Julio Antonio Mella morì il 10 gennaio del 1929, vilmente assassinato in Messico. L’asino con gli artigli (il dittatore Machado) mandò ad ucciderlo per eliminare il suo esempio.
Il rivoluzionario che aveva fatto di più per Cuba in meno tempo, come disse Fidel, aveva 26 anni quando morì.
La sua vita c’insegna molto, dedicata alla dignità umana, quella che nei concetti di José Martí dovrebbero conquistare tutti gli uomini.
Forse la cosa più preziosa della sua esistenza fu che il rivoluzionario non seguiva modelli disegnati.
Il leader virtuoso, il fondatore della Federazione Studentesca Universitaria, sapeva che era necessaria un’altra università. Per lui, l’unica soluzione alla mediocrità che imperava, era vincere la mediocrità della Repubblica.
Per questo riscattò l’Apostolo anti imperialista degli omaggi rimbombanti e vuoti nei quali veniva occultato.
Da rivoluzionario a comunista, da maestro degli operai a studente degli operai, da fondatore di università a fondatore del Partito Comunista di Cuba. Perseguitato, temuto per la sua guida.
E allora, assassinato.
Quando i centristi della sua epoca vollero contrabbandare la riforma e non la rivoluzione, Mella, come una tromba, li denudò con il loro nome.
L’unico anti imperialismo che merita il suo nome è l’anticapitalista.
L’unica rivoluzione che si deve scrivere con la maiuscola è l’anti borghese.
L’ unico futuro che merita tutti i sacrifici è quello che conduce a una società senza classi.
L’unica lotta, quella che conquista tutta la giustizia.
Quando gennaio ricorda il crimine, il pensiero dibatte quale Mella dobbiamo riscattare. Quello di marmo in un busto, con gesto virile ed eroico, come un’eroe esemplare o l’iconoclasta, antidogmatico, ribelle, rivoltoso?
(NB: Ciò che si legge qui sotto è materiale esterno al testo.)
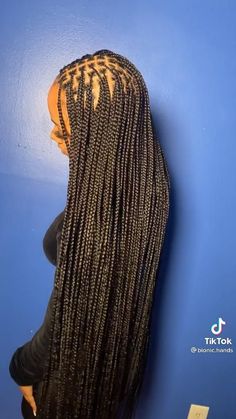 Long Knot Less Braids, Extra Long Box Braids, Knot Less Braids, Braided Hairstyles For Black Women Cornrows, Big Box Braids Hairstyles, Box Braids Hairstyles For Black Women, Cute Braided Hairstyles, Braided Cornrow Hairstyles, Braids Hairstyles Pictures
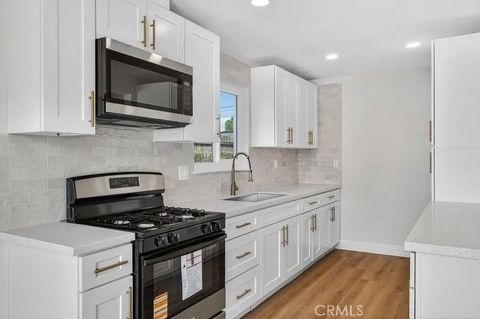 Tiny photo for 18222 10th St, Bloomington, CA 92316 (MLS # CV25244232)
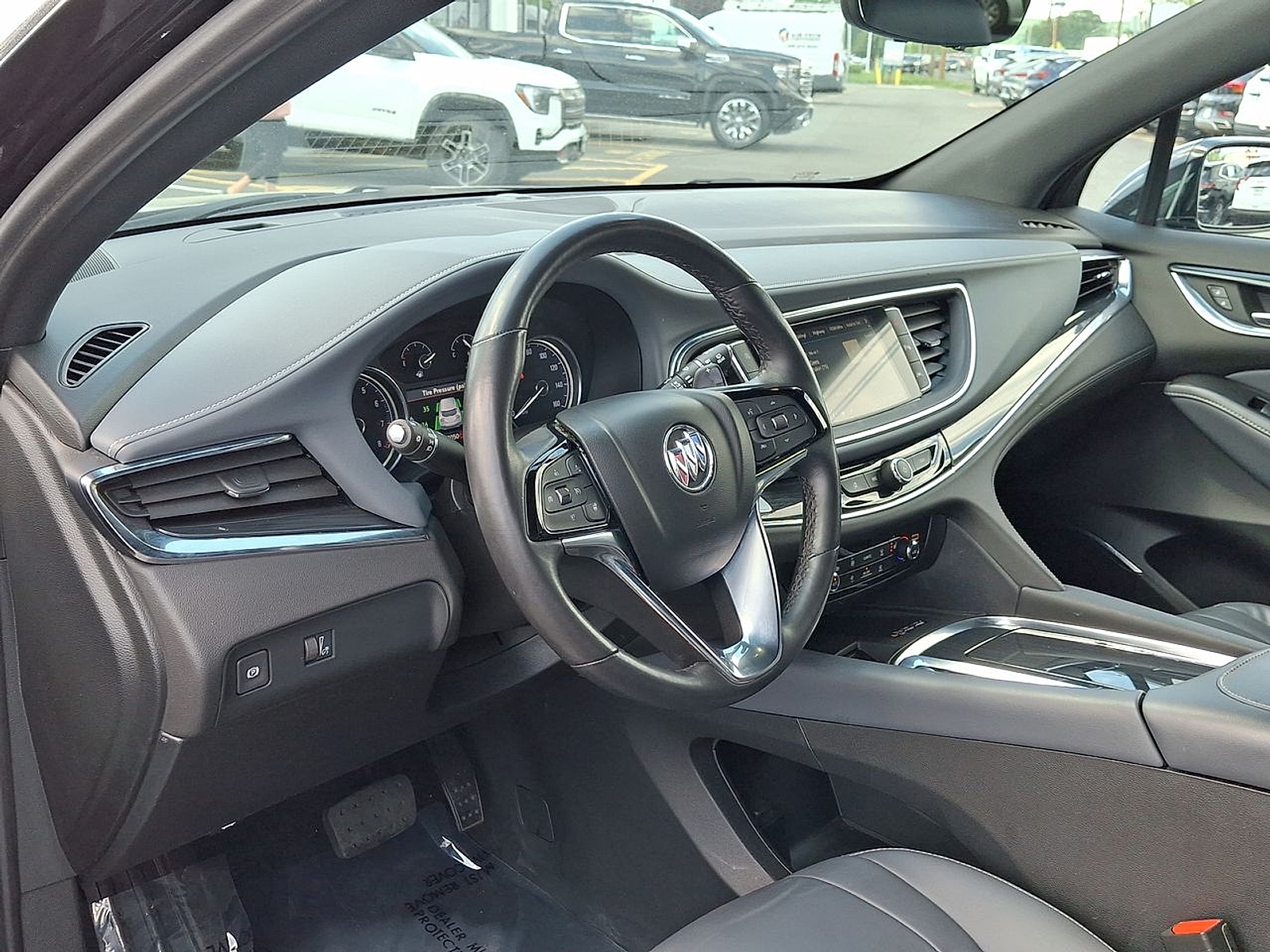2024 Buick Enclave Essence - Photo 10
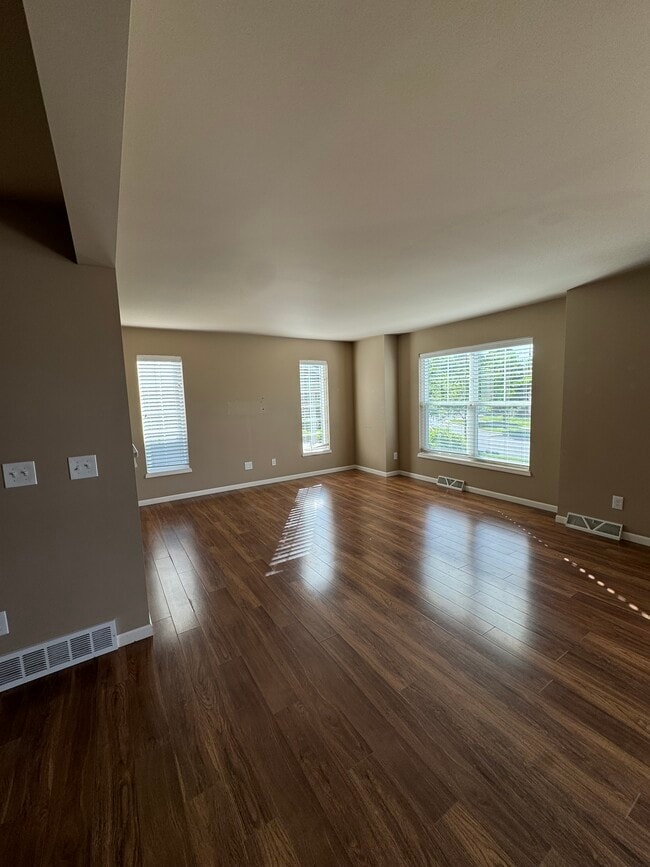 Building Photo - 1714 Fair Pheasant Way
Quello che riposa nelle pagine rilassanti, come esempio del «disciplinato» che non fu mai o l’indomabile che non ha spazio in nessun libro?
Il fondatore o l’espulso?
Chi bussa alla porta? Quali porte apriremo?
La data invita a pensare ancora una volta di quale gioventù rivoluzionaria si necessita. L’ora indica l’azione: non lasciar morire chi in Messico non fece che elevare la sua vita, che rinasce dalle sue ceneri custodite dall’Università, e mentre costruiamo le risposte che ci giunga il grido vitale di Mella nella sua agonia: «Muoio per la Rivoluzione!». (GM/Granma Int.)